# Can I make Chevre with 1 quart milk



## Dayna (Aug 16, 2012)

I only have 1 quart of milk in the fridge right now. lol

I got my goat cheese "kit" today. 

4 molds
1 thing of rennet
Chevre culture
muslin

So anyone know how to make it with 1 quart rather than 1 gallon? And I know, it seems like I could divide it by four BUT things don't always work that way so HELLLLLLLP!


----------



## Dayna (Aug 16, 2012)

I think I will try this!

http://auroraborealice.com/2012/03/lazy-chevre/


----------



## ksalvagno (Oct 6, 2009)

Cool! I suspect more people will be interested. 

Thanks for posting it!


----------



## Dayna (Aug 16, 2012)

What are the molds for? I guess I should read the package directions. lol


----------



## ksalvagno (Oct 6, 2009)

The molds are for other types of cheese.


----------



## Dayna (Aug 16, 2012)

It says Chevre Molds. I'm confused!

This is what I got:

http://www.amazon.com/New-England-C...id=1383276524&sr=8-1&keywords=goat+cheese+kit

the directions are not terribly clear. It also came with rennet.


----------



## ksalvagno (Oct 6, 2009)

Not really sure. I have made chevre but never with molds. :shrug:


----------



## Dayna (Aug 16, 2012)

Well then I won't worry about it. So I bring up to 145° for 30 minutes, cool to 86°, add the Chevre culture, let it set for 12-20 hours, ladle curds into muslin/colander, drain for 6-12 hours, eat?


----------



## Dayna (Aug 16, 2012)

Oh and the pasteurizing is because hubby won't use un pasteurized milk.....


----------



## ksalvagno (Oct 6, 2009)

I would just follow the instructions.


----------



## Dayna (Aug 16, 2012)

The curd set! The curd set! Yahoooo!










And now we hang... and wait...


----------



## ksalvagno (Oct 6, 2009)

Cool! I hope the cheese turns out good for you.


----------



## liz (Oct 5, 2007)

Well..... how was your first cheesemaking experience Dana ? Fun and rewarding right


----------



## lottsagoats (Dec 10, 2012)

Chevre can be made with or without a mold. For a softer, more spreadable cheese you don't use a mold. If you want a firmer, cuttable cheese, you use the mold and let it drain longer. I've done both. They taste the same. I prefer the more soft, spreadable form.

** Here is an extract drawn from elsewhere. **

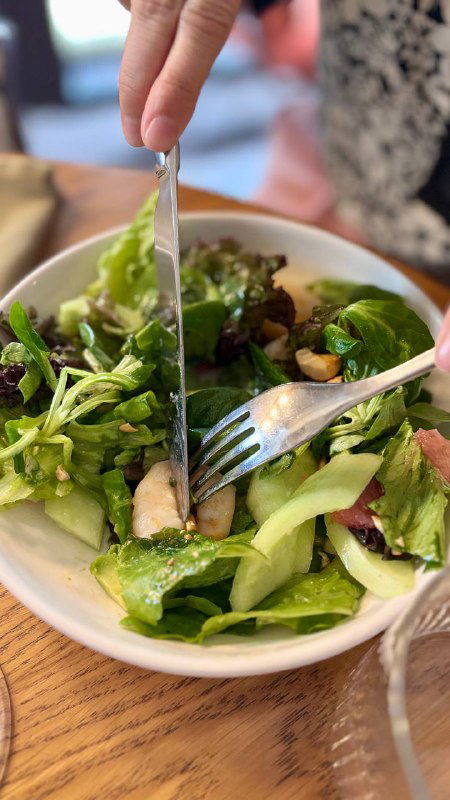 Процесс нарезки салата вилкой и ножом в тарелке с зеленью и кусочками овощей на деревянном столе ресторана.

BTW....I know the packet says for 1 gallon of milk. I have never used less than a gallon, but I routinely use 2 gallons with the little packet and it has come out perfectly every time.

BTW...it freezes well too. My freezer is full of goat cheese and goat milk for this winter when the girls are dry. I make Chevre and Fromage Blanc. Both make excellent cheese cake. I like to add fruit and spices/herbs to it too.


----------



## Dayna (Aug 16, 2012)

The cheese was amazing!


----------



## ksalvagno (Oct 6, 2009)

Looks fantastic! Makes me wish I had a girl in milk.


----------



## OutdoorDreamer (Mar 29, 2012)

That chèvre looks so good! 
I really enjoy the goat cheese from Aldi's stores- the herb and garlic chèvre type.
Does homemade chèvre taste as tangy as store bought??


----------